The Privilege of the Believer

R. T. Prechous, Newcastle-upon-Tyne

Category: Exposition

The christian is the most privileged person in the world, for he has been granted something which has been, and still is, denied followers of other beliefs, that is, the joy to be found in the worship of God, fellowship with God and His people, and a share in the service of God in bringing to fruition His purposes in this age of grace. We will consider each of these points separately.
1. The Worship of God
As we read the wonderful words, spoken by our Lord Himself as recorded in John 4. 24, we discover one of the few Biblical definitions of God. Actually, God cannot be fully defined, because He is infinite. It was not until God became incarnate in the person of the Son, that any final idea of God could be communicated to the sons of men. The problem was, how could Jesus find words to reveal God, and show what He was really like? He could only say the things He knew to be fact because of His eternal association with the Father in an eternity past. This He did in a majestic declaration which offered no explanation, but only demanded acceptance.

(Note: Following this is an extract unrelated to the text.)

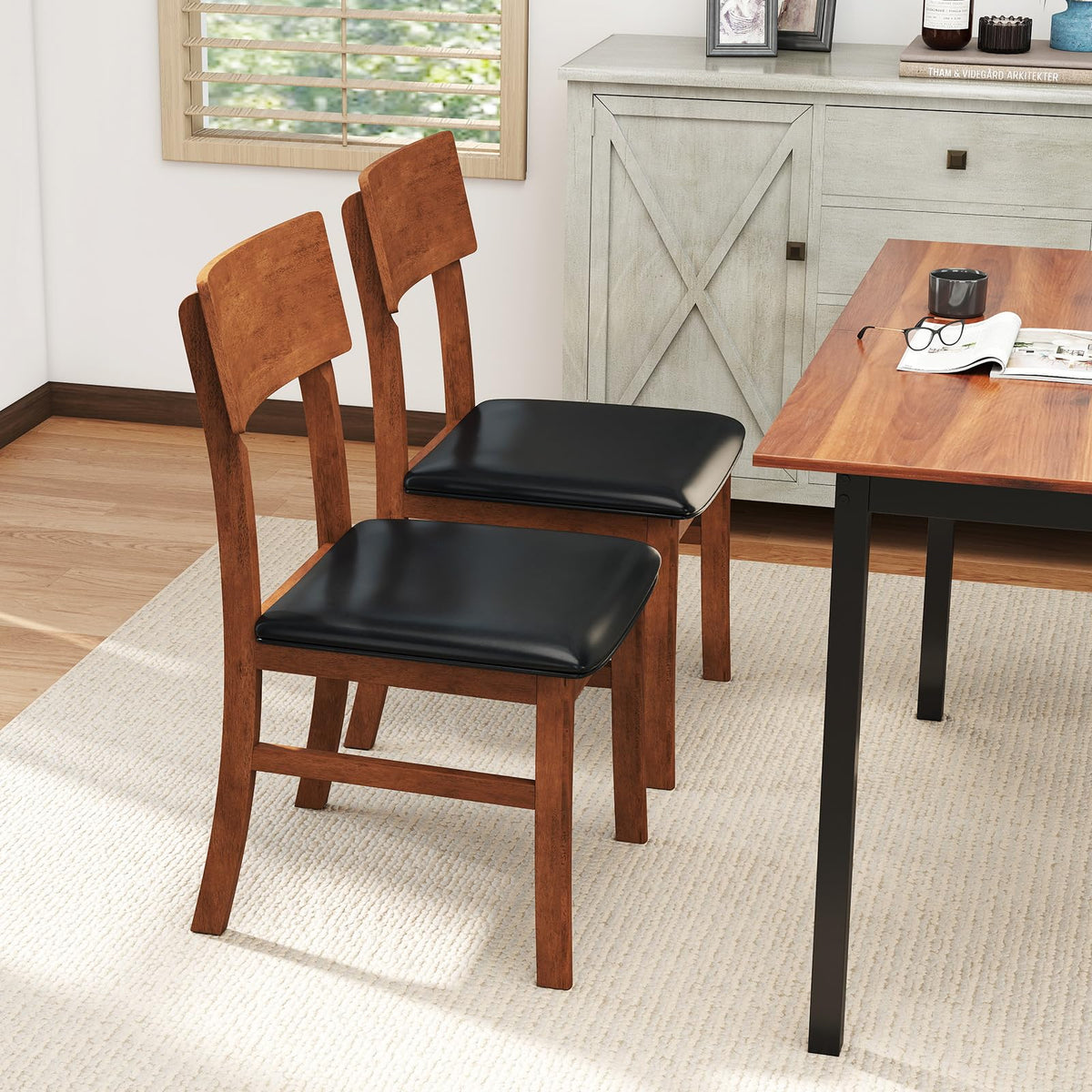 Goflame Wooden Dining Chairs Set Kitchen Side Chairs w/Rubber Wood Legs Faux Leather Upholstered Seat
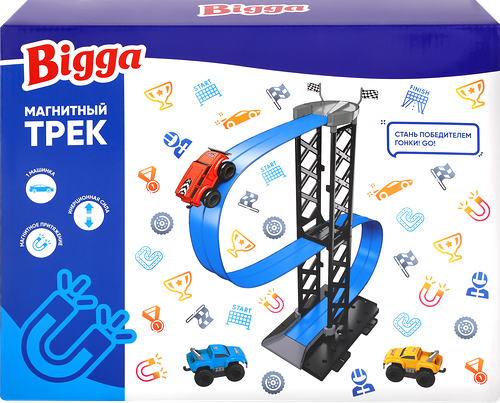 Набор игровой Bigga магнитный трек, с инерцерционной машинкой, 13 предметов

I.  GOD  IS  REVEALED  AS THE OBJECT  OF  WORSHIP
God is a Spirit. He is not created substance, but the great creative Spirit. A cause and not the effect of things which are. All eternal attributes arc wrapped up in this statement, as 1 Tim.1. 17 states, 'now unto the King eternal, immortal, invisible, the only wise God, be honour and glory for ever and ever. Amen'.
2.  WE ARE  UNDER AN  OBLIGATION TO WORSHIP  GOD
They that worship Him - this is an instinctive attitude of man. He must worship something, or someone. Never in the whole world has there been a man, family, tribe or nation that has not worshipped someone, something, somehow. It has been proved by missionaries and travellers, that men everywhere, are characterized by whom or what they worship. This should also be true of the Christian. He worships One whom he has come to know as Deliverer, Saviour, Friend, and his life becomes more perfectly like Him the more he gives himself over to the obligation laid upon him to worship, by lip and life, the only true God, who is 'Spirit' and must be approached by truth, that is, by the One who said of Himself, 'I AM . . . truth'.

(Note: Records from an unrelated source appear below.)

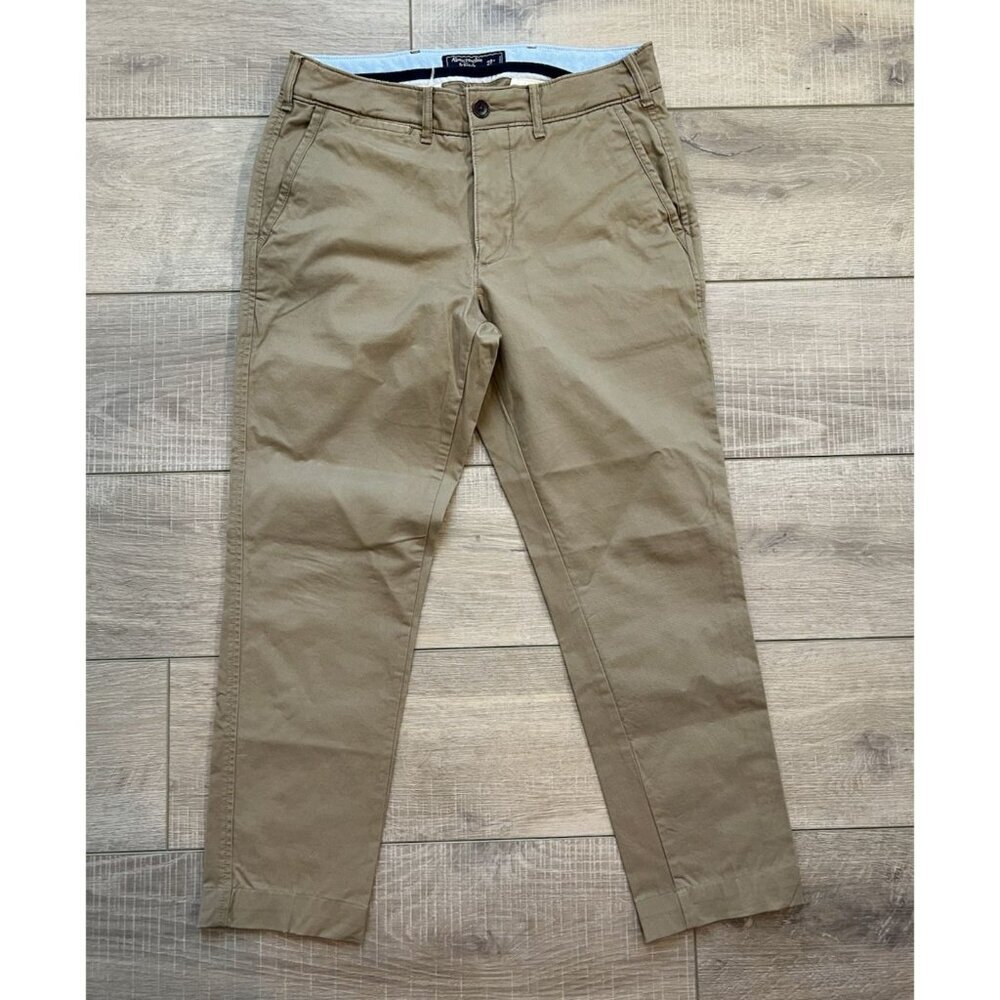 Abercrombie & Fitch Pants Mens Size 29x31 Tan Khaki Super Skinny Stretch Chino‎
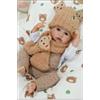 Bambola reborn maschietto 43 cm con vestito di maglia marrone e accessori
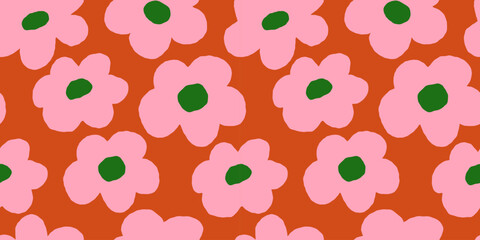Seamless bold floral pattern with abstract flowers in retro style, colorful repeat background for textiles, wallpapers, and surface design © bosotochka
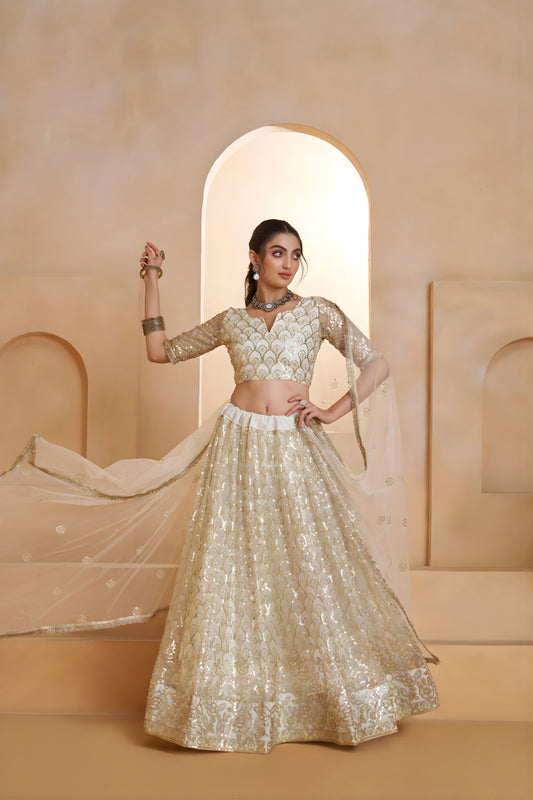 Trendy Off White Butterfly Net Embroidered Lehenga Choli with Dupatta for Wedding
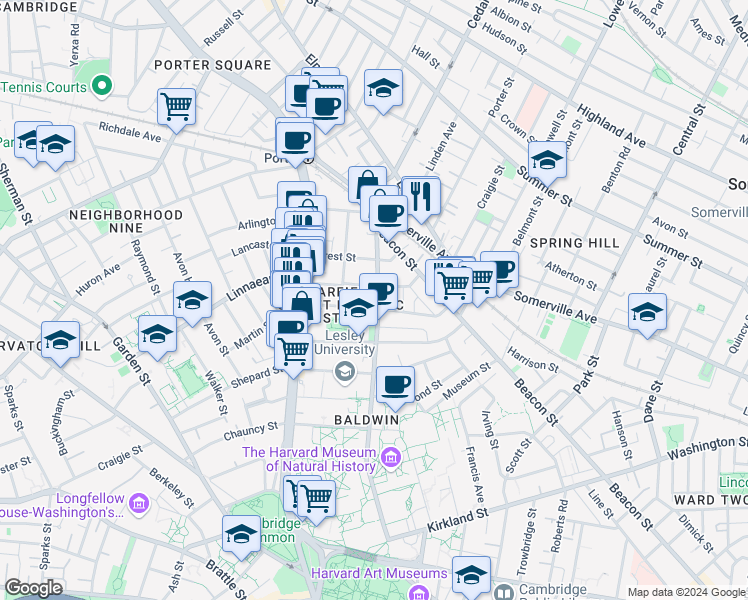 map of restaurants, bars, coffee shops, grocery stores, and more near 119 Oxford Street in Cambridge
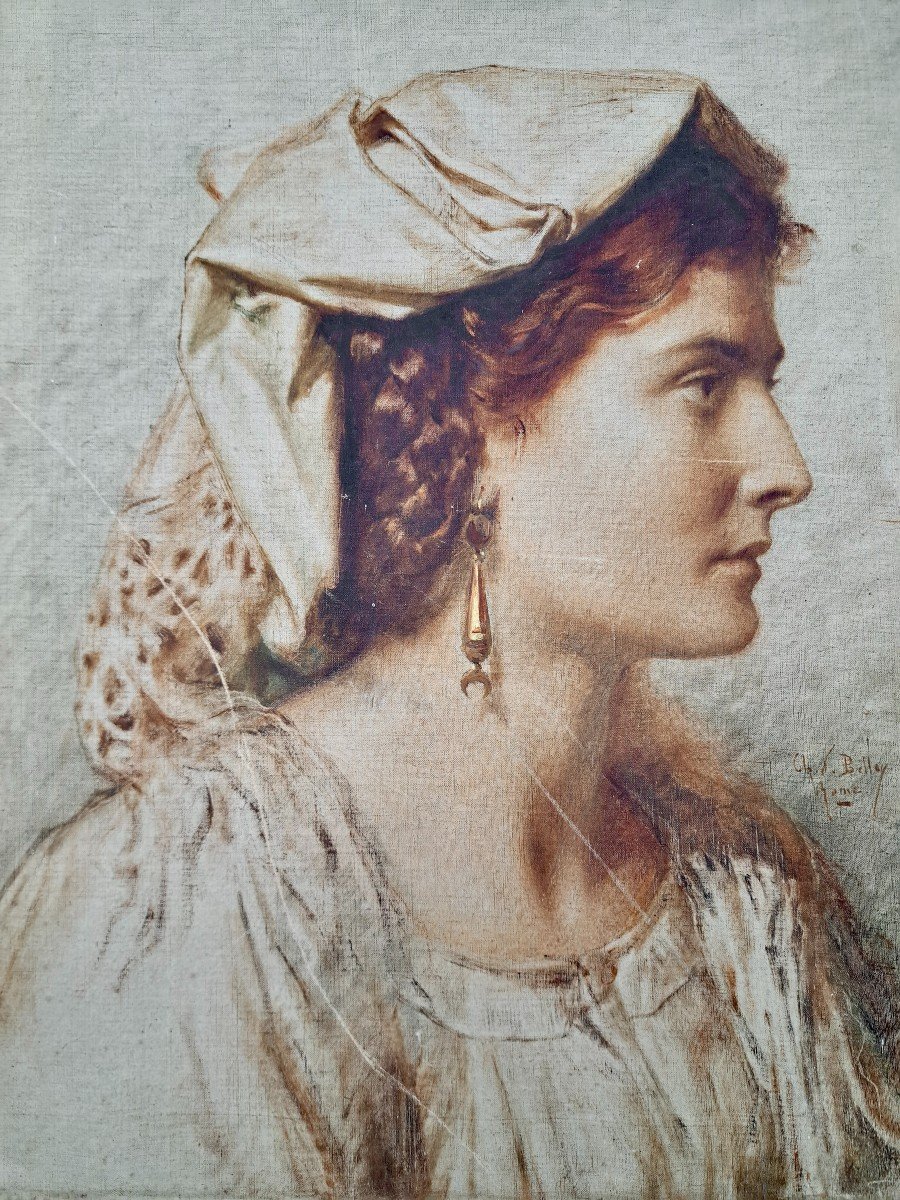 Charles Bellay (1826–1900) Portrait d'une paysanne Italienne des environs de Rome-photo-3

3. the conditions of true worship
These are fully laid down here: in spirit and in the truth. Man was created spirit, soul and body, and each part of him has a direct counterpart with the God who created him. Yet in this question of worship, neither the physical - the body, nor the intellectual - the soul, can contact God. Only the spirit by being revitalized by God's Holy Spirit, may enter into communion with God, and so worship Him.
So here is our first thought. To be able to worship God, the individual must know God, as He is revealed in His Son, and contact God as enabled by the Holy Spirit.
2. Fellowship
The next part of the privilege of the believer is to enjoy what is known as fellowship, a sharing of blessing received. Therefore, in order to have a correct valuation of tins theme, we must first consider fellowship with god, and then fellowship with other Christians.
I.   FELLOWSHIP  WITH GOD
This activity is within the reach of all Christians, but is only enjoyed by those who are willing to meet God's conditions. Note first,
1. The Possibility of Fellowship with God, 1 John 1. 1-4. God had to make special provision for mankind to have fellow-ship with Himself, and this is found only in Christ. John describes Christ as the Word of Life, that which our hands have handled, the expression of the mind of God, and the pre-existent One who came to declare Him. It is possible for any man to have fellowship with God, through first accepting by faith, God's Son, and His redemptive work at Calvary. To know Christ is to know God. 2. Fellowship with God can be Interrupted, v. 5-7. Our relationship with God in Christ can never be broken; that is as eternal as God Himself. But our fellowship can be marred, and that so easily, by any deviation on our part, from obedience to the will of God. The believer is one who, forsaking his sin, has returned to God. His will is binding upon him. Therefore, if mat believer for any reason and in any way, continues in sin, fellowship is instantly impaired, although relationship still remains. The believer must live in this world, nature demands it, but God also demands that the believer is not to be of the world, not to practise the things he once renounced. If however, such a thing happens as to bring the Christian under the spell of Satan and his works, mighty provision has been made. The blood that cleansed from sin and made the sinner a saint, is the same blood that is ever effectual in cleansing the believer from sins, so that the defilement is remedied, and once again fellowship is restored, and this is our third thought here. 3. Fellowship Broken can be Restored, v. 8-10. To understand this passage, we must realize it is addressed to Christians. This is not a description of salvation, but a means of restoration. We have no permission to commit sin, but should we do so, God makes it possible for us to confess our sin. This is not easy. Humility is required and the human spirit often rebels at having to acknowledge its weaknesses, but it is God's only way to restoration of fellowship, just as faith in Christ is God's only way of salvation.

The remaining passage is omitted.